(Stored data entries)
****************

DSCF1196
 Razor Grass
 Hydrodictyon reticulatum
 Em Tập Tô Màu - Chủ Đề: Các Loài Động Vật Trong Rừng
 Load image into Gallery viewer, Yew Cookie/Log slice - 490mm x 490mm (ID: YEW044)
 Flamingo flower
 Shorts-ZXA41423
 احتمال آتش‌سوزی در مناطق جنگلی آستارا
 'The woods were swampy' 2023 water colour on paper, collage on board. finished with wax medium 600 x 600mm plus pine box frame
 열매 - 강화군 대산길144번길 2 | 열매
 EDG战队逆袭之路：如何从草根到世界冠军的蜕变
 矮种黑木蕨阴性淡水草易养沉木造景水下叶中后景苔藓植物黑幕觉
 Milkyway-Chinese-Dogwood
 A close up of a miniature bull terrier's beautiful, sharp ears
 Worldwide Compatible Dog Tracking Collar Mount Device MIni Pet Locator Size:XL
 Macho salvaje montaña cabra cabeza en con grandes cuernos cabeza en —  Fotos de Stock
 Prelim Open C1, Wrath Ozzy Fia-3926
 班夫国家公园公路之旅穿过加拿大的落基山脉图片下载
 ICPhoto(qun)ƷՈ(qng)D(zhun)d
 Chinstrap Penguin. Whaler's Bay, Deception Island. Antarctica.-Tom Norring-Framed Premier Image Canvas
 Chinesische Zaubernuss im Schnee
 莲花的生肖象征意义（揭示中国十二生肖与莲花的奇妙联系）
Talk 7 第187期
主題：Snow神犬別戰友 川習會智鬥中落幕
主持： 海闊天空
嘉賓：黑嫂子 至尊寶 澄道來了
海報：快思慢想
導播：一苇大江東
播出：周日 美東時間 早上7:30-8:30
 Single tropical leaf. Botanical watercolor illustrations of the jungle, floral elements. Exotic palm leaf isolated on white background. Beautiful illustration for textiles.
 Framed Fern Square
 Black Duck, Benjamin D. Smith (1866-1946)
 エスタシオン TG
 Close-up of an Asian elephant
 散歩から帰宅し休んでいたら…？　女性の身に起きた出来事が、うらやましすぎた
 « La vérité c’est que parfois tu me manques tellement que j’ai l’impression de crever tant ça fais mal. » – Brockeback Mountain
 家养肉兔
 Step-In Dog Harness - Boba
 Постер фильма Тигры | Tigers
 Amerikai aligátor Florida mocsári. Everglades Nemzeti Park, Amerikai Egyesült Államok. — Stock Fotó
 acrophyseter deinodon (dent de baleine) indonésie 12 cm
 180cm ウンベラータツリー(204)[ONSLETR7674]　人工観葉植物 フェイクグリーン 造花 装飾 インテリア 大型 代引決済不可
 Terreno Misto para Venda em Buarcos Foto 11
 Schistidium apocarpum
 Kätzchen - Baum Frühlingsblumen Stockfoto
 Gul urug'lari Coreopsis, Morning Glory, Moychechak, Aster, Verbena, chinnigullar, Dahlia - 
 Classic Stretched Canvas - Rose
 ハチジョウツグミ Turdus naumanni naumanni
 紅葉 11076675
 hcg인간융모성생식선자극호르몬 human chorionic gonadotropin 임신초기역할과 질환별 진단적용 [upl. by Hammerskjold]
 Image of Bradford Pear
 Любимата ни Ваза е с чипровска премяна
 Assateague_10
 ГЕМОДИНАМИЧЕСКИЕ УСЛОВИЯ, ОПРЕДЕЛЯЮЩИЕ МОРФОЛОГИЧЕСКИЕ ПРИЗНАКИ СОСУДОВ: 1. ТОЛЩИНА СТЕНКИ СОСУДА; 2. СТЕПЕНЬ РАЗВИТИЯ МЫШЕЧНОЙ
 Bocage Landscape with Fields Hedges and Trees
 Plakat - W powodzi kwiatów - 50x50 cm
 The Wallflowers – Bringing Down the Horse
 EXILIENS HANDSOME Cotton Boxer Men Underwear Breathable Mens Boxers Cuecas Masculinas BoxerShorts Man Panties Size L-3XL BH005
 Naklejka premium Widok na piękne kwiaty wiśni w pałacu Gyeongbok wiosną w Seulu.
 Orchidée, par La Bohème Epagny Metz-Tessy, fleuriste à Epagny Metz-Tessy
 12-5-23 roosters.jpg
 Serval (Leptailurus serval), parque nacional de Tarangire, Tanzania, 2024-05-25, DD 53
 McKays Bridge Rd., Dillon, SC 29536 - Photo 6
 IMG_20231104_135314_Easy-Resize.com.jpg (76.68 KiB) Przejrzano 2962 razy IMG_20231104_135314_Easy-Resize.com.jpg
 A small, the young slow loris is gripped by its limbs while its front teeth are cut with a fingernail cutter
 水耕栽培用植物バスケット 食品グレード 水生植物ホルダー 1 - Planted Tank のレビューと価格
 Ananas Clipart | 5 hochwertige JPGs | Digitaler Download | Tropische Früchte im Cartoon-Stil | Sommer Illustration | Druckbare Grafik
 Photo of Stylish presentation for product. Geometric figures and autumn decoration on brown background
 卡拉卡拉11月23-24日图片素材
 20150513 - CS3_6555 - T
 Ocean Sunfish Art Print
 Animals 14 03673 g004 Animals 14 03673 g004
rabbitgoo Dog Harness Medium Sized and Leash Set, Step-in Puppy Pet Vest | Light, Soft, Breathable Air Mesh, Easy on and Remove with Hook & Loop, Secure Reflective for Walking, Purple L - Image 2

****************

Give only the lines from the one holding "EDG战队逆袭之路：如何从草根到世界冠军的蜕变" through the one holding "ICPhoto(qun)ƷՈ(qng)D(zhun)d", each restated exactly as it appears above.

 EDG战队逆袭之路：如何从草根到世界冠军的蜕变
 矮种黑木蕨阴性淡水草易养沉木造景水下叶中后景苔藓植物黑幕觉
 Milkyway-Chinese-Dogwood
 A close up of a miniature bull terrier's beautiful, sharp ears
 Worldwide Compatible Dog Tracking Collar Mount Device MIni Pet Locator Size:XL
 Macho salvaje montaña cabra cabeza en con grandes cuernos cabeza en —  Fotos de Stock
 Prelim Open C1, Wrath Ozzy Fia-3926
 班夫国家公园公路之旅穿过加拿大的落基山脉图片下载
 ICPhoto(qun)ƷՈ(qng)D(zhun)d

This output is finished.